### [Exercise description]
Exact copy, no pictures: output all the records that follow.

### [Study material]
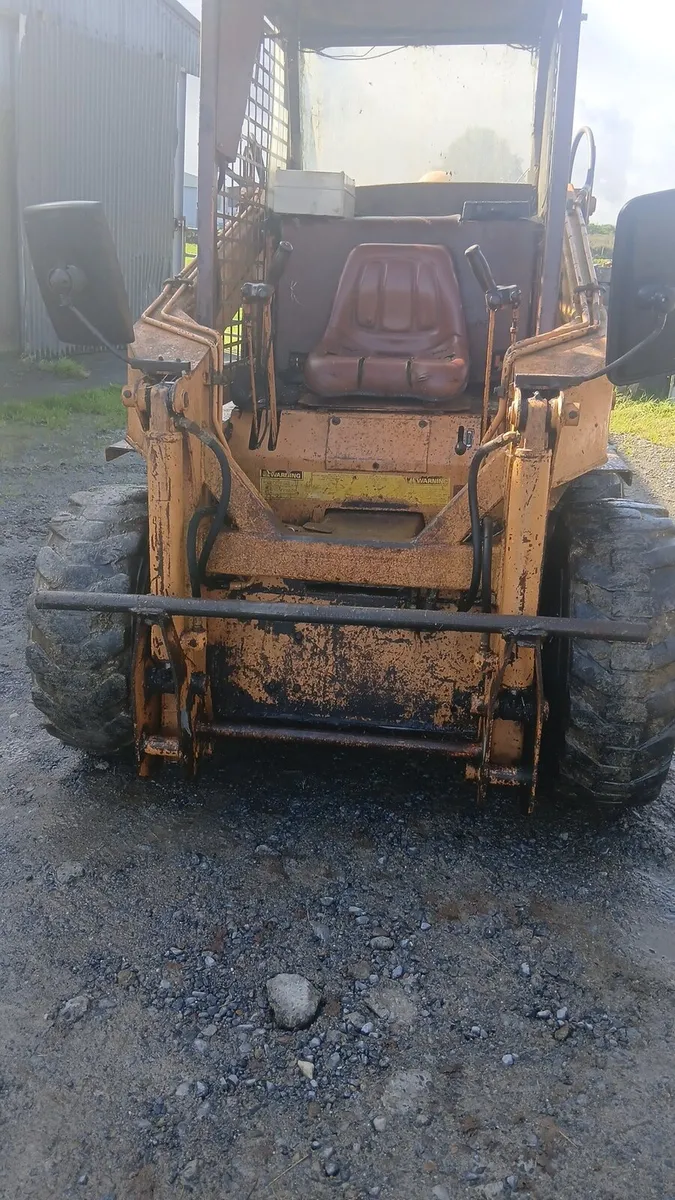 Case skid steer - Image 2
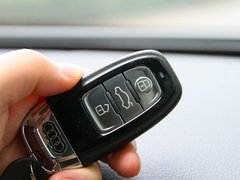 2012款 3.0 TFSI S-Tronic quattro 豪华型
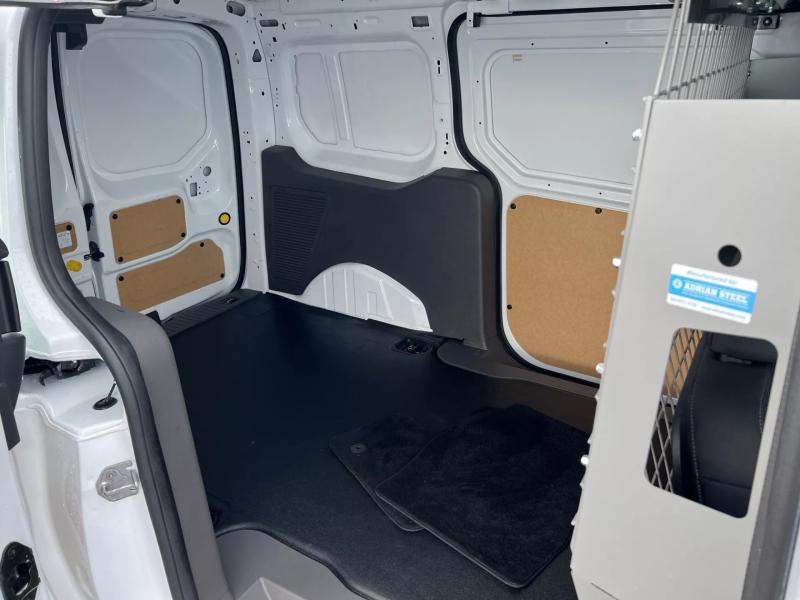 2019 Ford Transit Connect | Image 18 of 20
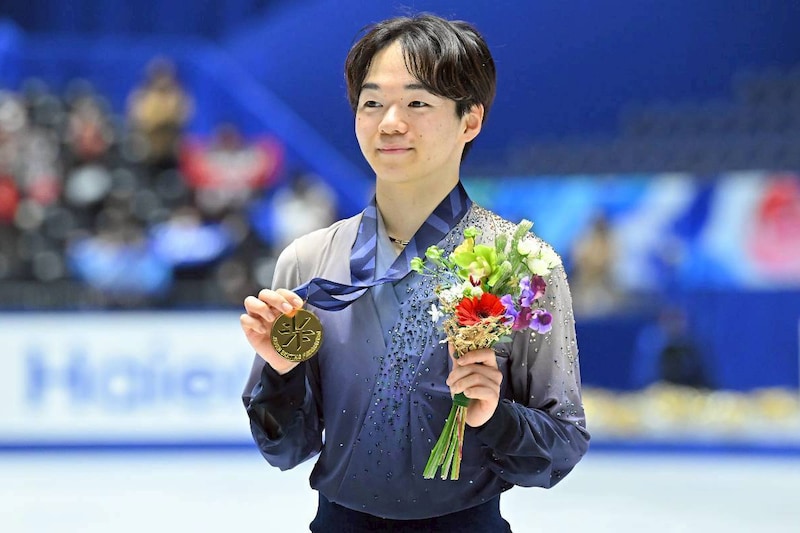「まだまだ弱い」それでも五輪切符。鍵山優真が涙の全日本連覇後に語った反省とミラノへの覚悟【全日本フィギュア】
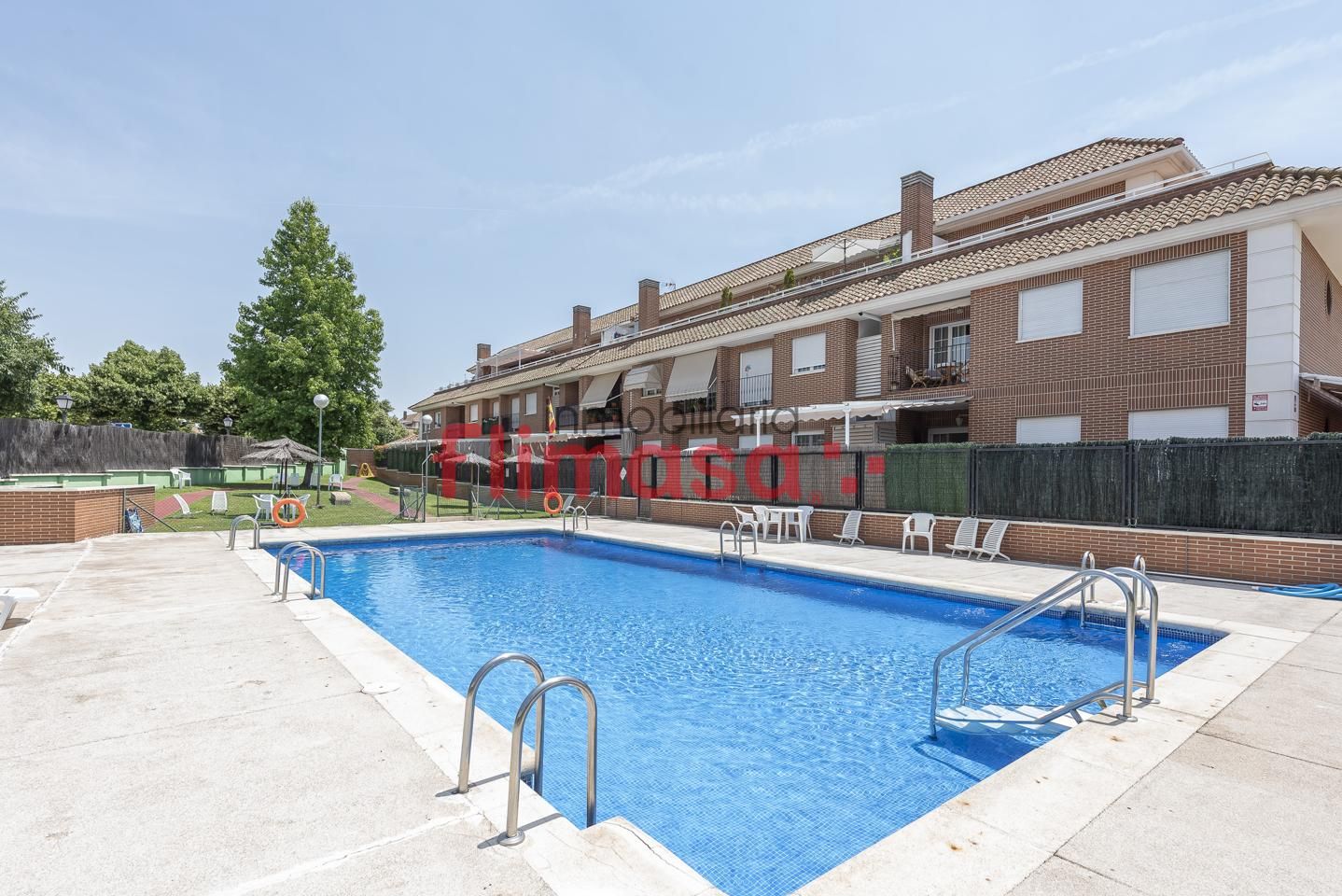 Vista exterior de Planta baixa en venda en Villaviciosa de Odón amb Calefacció, Jardí privat i Traster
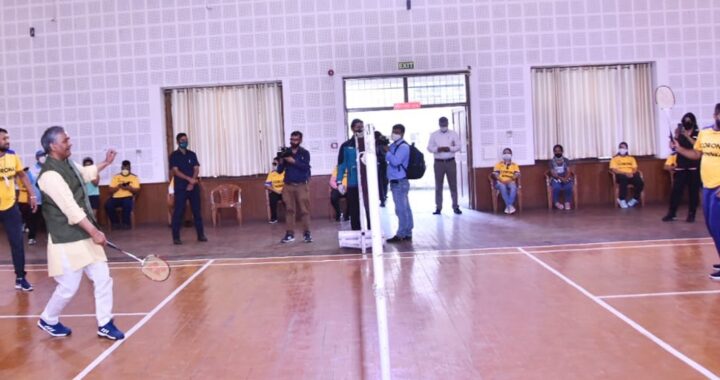 CM played badminton with corona winners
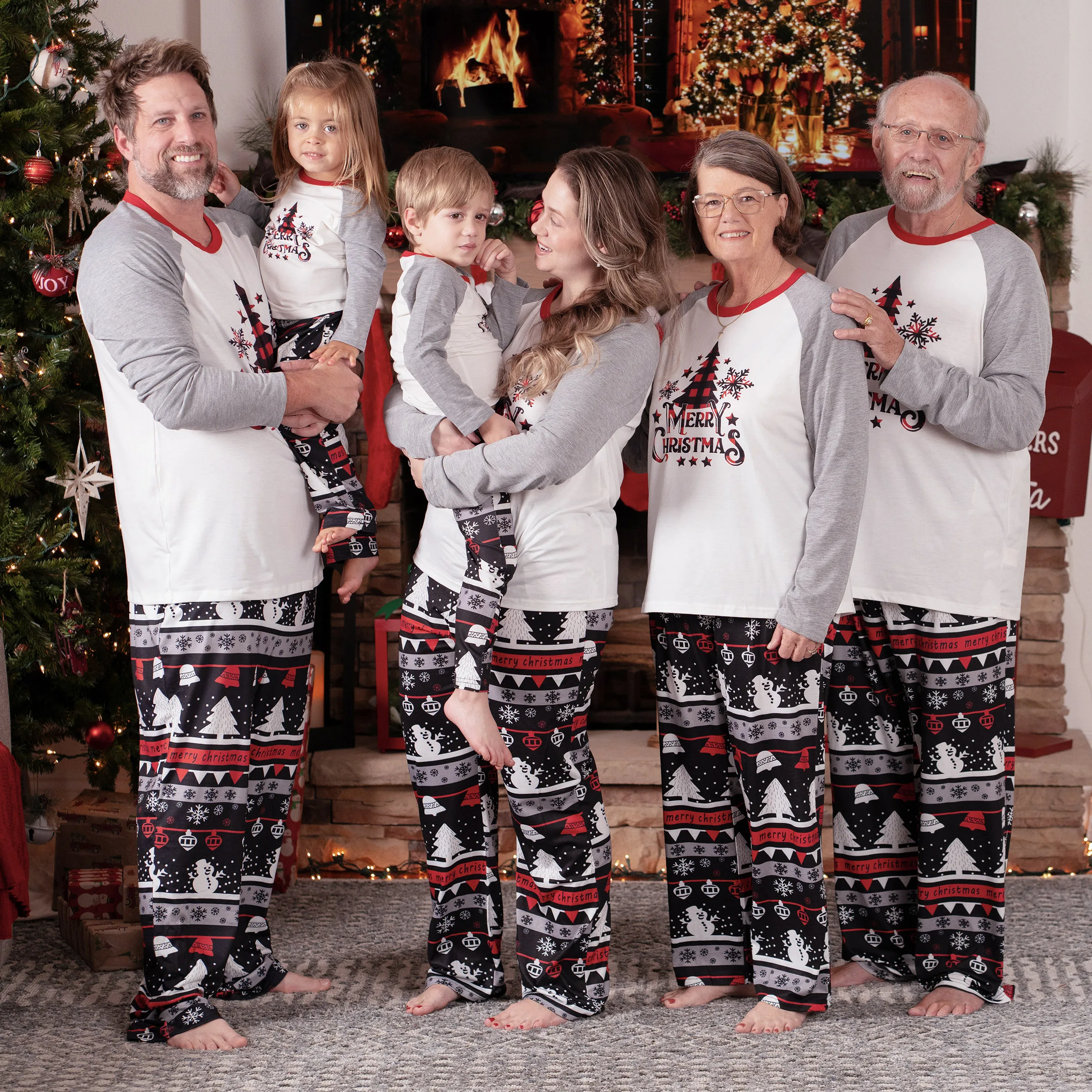 PatPat Christmas Tree Snowflake and Letters Print Grey Family Matching Long-sleeve Pajamas Sets (SGS Certied Safety)
PatPat Christmas Tree Snowflake and Letters Print Grey Family Matching Long-sleeve Pajamas Sets (SGS Certied Safety)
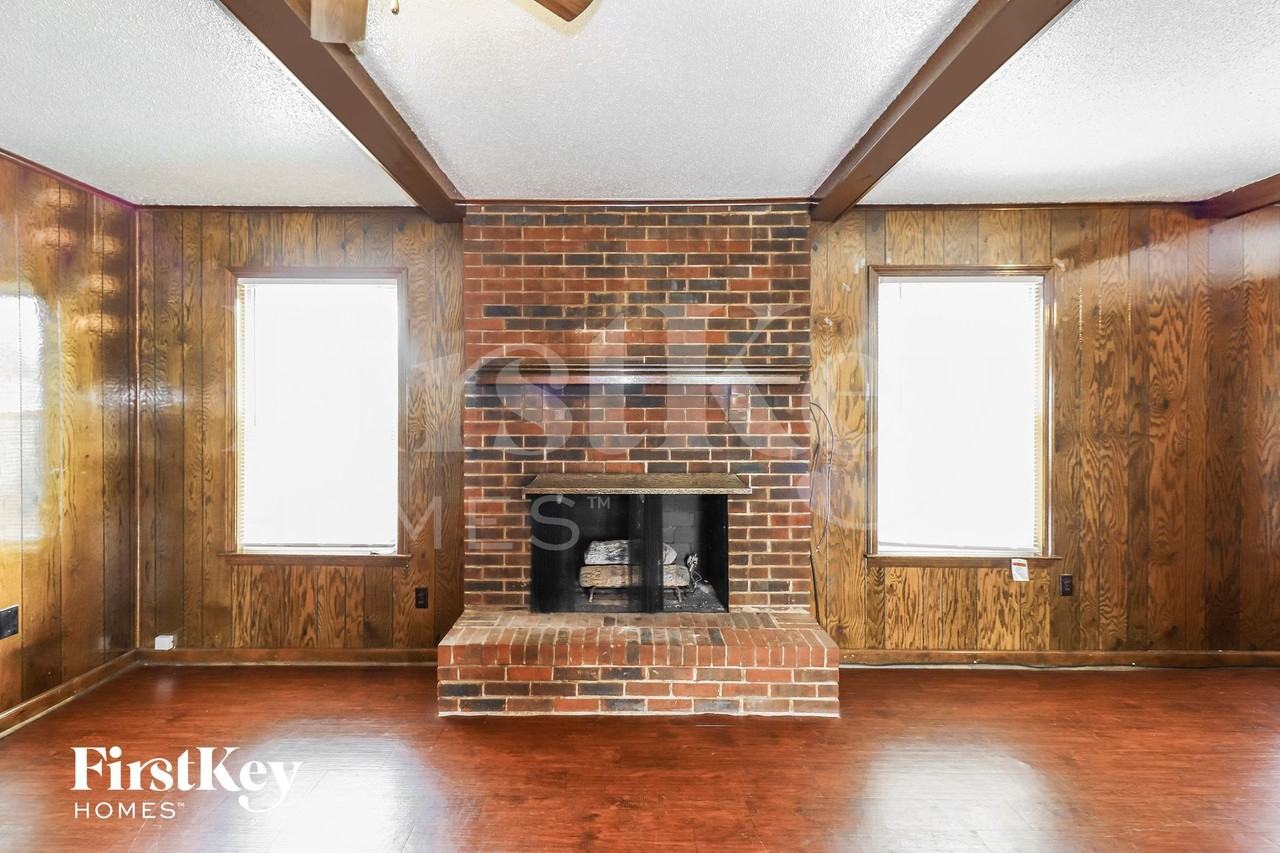 4364 Hunt Cliff Trce - Photo 3 of 15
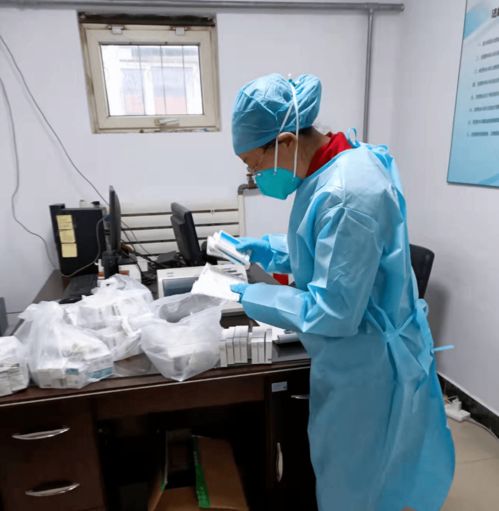 红桥区封控区的守护者们 党旗下、街巷间、楼栋里的抗疫群像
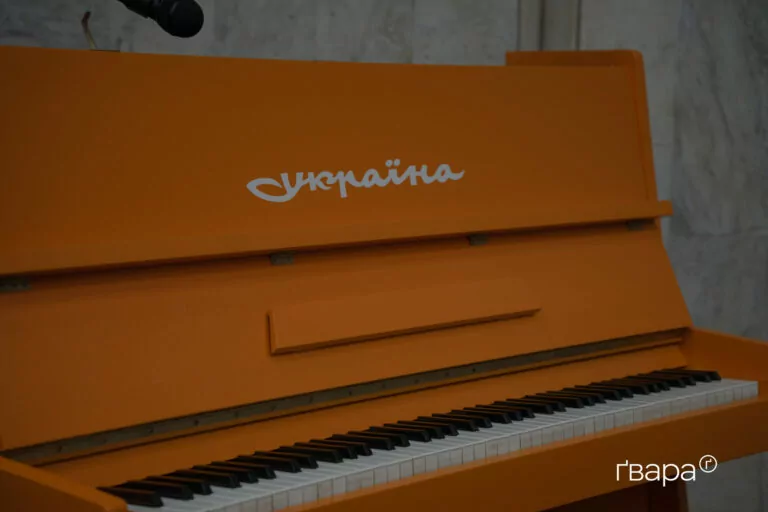 У харківському метро встановили піаніно, евакуйоване з Бахмута — фото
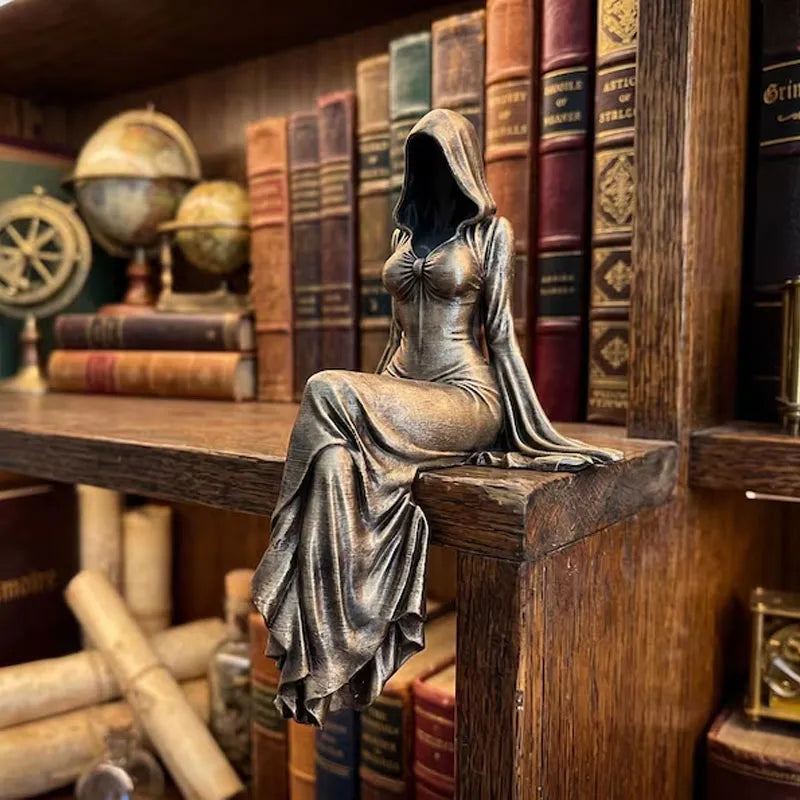 Lady Reaper – Ätherische Skulptur einer Gestalt mit Kapuze
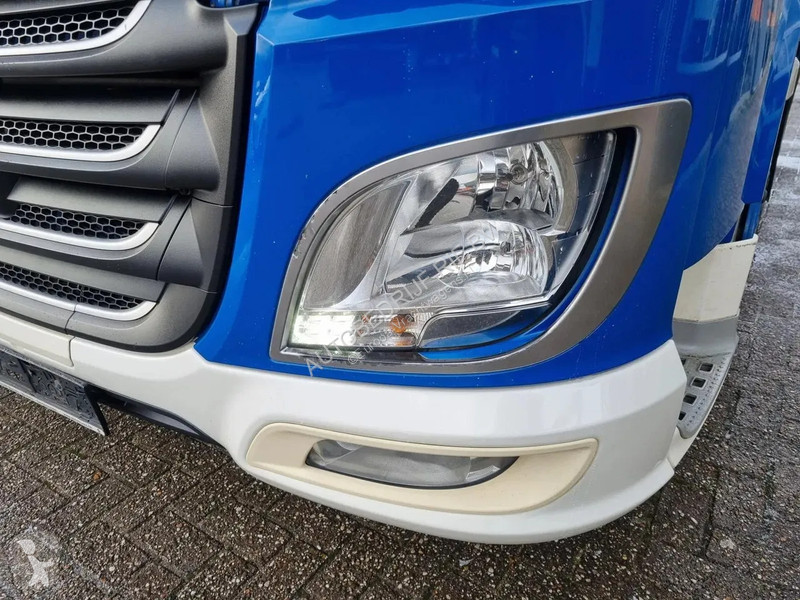 جرار DAF 106440 EURO 6/ Intarder/ Webasto/ ADR...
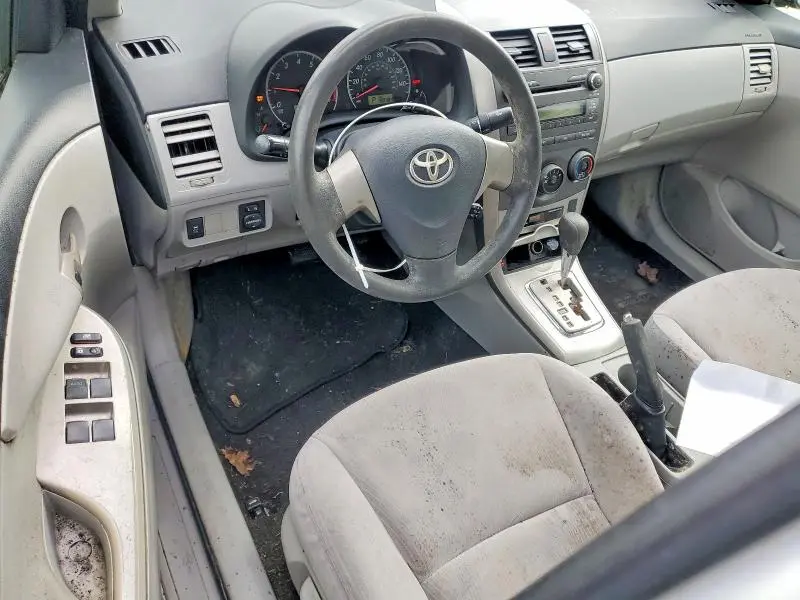 2011 TOYOTA COROLLA LE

### [Response for this exercise]
 Case skid steer - Image 2
 2012款 3.0 TFSI S-Tronic quattro 豪华型
 2019 Ford Transit Connect | Image 18 of 20
「まだまだ弱い」それでも五輪切符。鍵山優真が涙の全日本連覇後に語った反省とミラノへの覚悟【全日本フィギュア】
 Vista exterior de Planta baixa en venda en Villaviciosa de Odón amb Calefacció, Jardí privat i Traster
 CM played badminton with corona winners
 PatPat Christmas Tree Snowflake and Letters Print Grey Family Matching Long-sleeve Pajamas Sets (SGS Certied Safety)
PatPat Christmas Tree Snowflake and Letters Print Grey Family Matching Long-sleeve Pajamas Sets (SGS Certied Safety)
 4364 Hunt Cliff Trce - Photo 3 of 15
 红桥区封控区的守护者们 党旗下、街巷间、楼栋里的抗疫群像
 У харківському метро встановили піаніно, евакуйоване з Бахмута — фото
 Lady Reaper – Ätherische Skulptur einer Gestalt mit Kapuze
 جرار DAF 106440 EURO 6/ Intarder/ Webasto/ ADR...
 2011 TOYOTA COROLLA LE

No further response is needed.